In most cases, the algorithm is capable of preventing identity disclosure i.e. a record in a $k-$anonymized $D$ cannot be connected to the corresponding record in the non-anonymized dataset. However, it may fail to protect against attribute disclosure [2]. Approaches such as l-diversity and t-closeness have been proposed to overcome the limitations of $k-$anonymity.

package example_2

import org.deidentifier.arx.ARXPopulationModel.Region

import java.io.File
import java.nio.charset.Charset
import java.text.DecimalFormat
import collection.JavaConverters.*
import collection.mutable.ArrayBuffer

import org.deidentifier.arx.{ARXAnonymizer, ARXConfiguration, ARXPopulationModel, ARXResult, AttributeType, Data, DataHandle, DataType}
import org.deidentifier.arx.criteria.KAnonymity
import org.deidentifier.arx.criteria.EqualDistanceTCloseness
import org.deidentifier.arx.criteria.HierarchicalDistanceTCloseness
import org.deidentifier.arx.criteria.DistinctLDiversity
import org.deidentifier.arx.Data
import org.deidentifier.arx.Data.DefaultData
import org.deidentifier.arx.AttributeType.Hierarchy
import org.deidentifier.arx.AttributeType.Hierarchy.DefaultHierarchy

import postprocessor.ResultPrinter.{printResult, printHandle}



/**
 * Example1: Load data to ARX
 */
object KAnonymityARX
{

  def createData: Data = {

    // Define data
    val data = Data.create
    data.add("age", "gender", "zipcode")
    data.add("34", "male", "81667")
    data.add("45", "female", "81675")
    data.add("66", "male", "81925")
    data.add("70", "female", "81931")
    data.add("34", "female", "81931")
    data.add("70", "male", "81931")
    data.add("45", "male", "81931")
    data
  }

  def main(args: Array[String]): Unit ={

    System.out.println("Running example 2...")

    val data = createData

    // check the columns
    val nCols = data.getHandle.getNumColumns
    println(s"Number of columns ${nCols}")

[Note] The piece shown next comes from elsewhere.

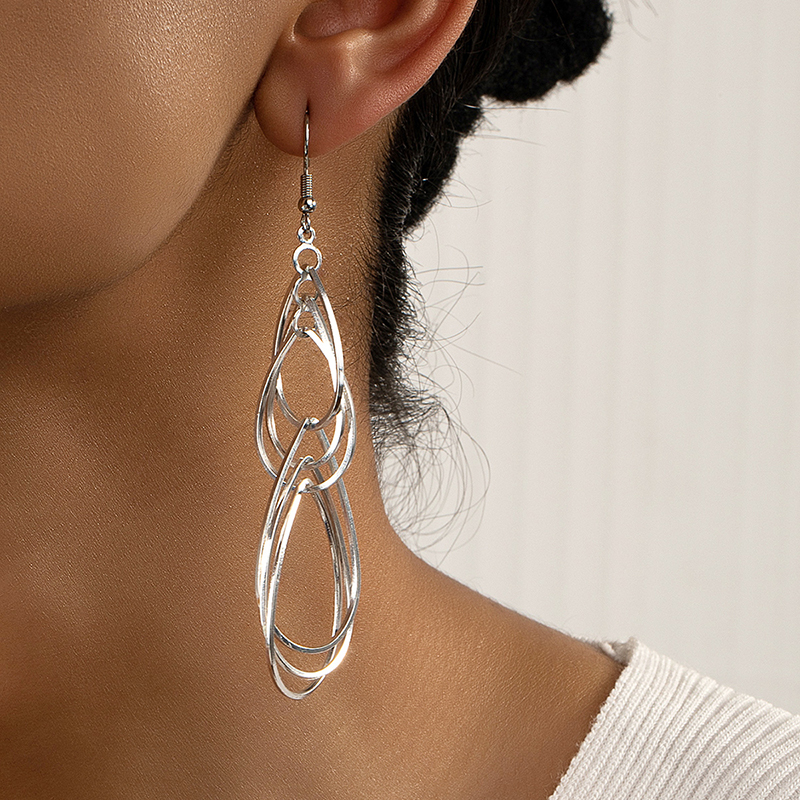 1 Pair French Style Classic Style Streetwear Water Droplets Plating Alloy Silver Plated Drop Earrings display picture 1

    val nRows = data.getHandle.getNumRows
    println(s"Number of rows ${nRows}")

    // define hierarchies
    val age = Hierarchy.create
    age.add("34", "<50", "*")
    age.add("45", "<50", "*")
    age.add("66", ">=50", "*")
    age.add("70", ">=50", "*")

    val gender = Hierarchy.create
    gender.add("male", "*")
    gender.add("female", "*")

    // Only excerpts for readability
    val zipcode = Hierarchy.create
    zipcode.add("81667", "8166*", "816**", "81***", "8****", "*****")
    zipcode.add("81675", "8167*", "816**", "81***", "8****", "*****")
    zipcode.add("81925", "8192*", "819**", "81***", "8****", "*****")
    zipcode.add("81931", "8193*", "819**", "81***", "8****", "*****")

    data.getDefinition.setAttributeType("age", age)
    data.getDefinition.setAttributeType("gender", gender)
    data.getDefinition.setAttributeType("zipcode", zipcode)

    System.out.println("Number of sensitive variables=" + data.getHandle.getDefinition.getSensitiveAttributes.size)

    // Create an instance of the anonymizer
    val anonymizer = new ARXAnonymizer
    val config = ARXConfiguration.create
    config.addPrivacyModel(new KAnonymity(3))
    config.setSuppressionLimit(0d)
    val result = anonymizer.anonymize(data, config)

    // Print info
    printResult(result, data)

    // Process results
    System.out.println(" - Transformed data:")
    printHandle(handle = result.getOutput(false))
    System.out.println("Done!")

  }
}

References

1. Khaled El, Fiad Kamal Dankar, Protecting privacy using k-anonymity, Journal of American Medical Informatics Association, vol 15, pp. 627-637, 2008.
2. Ismini Psychoula et al, A deep learning approach for privacy preservation in assisted living.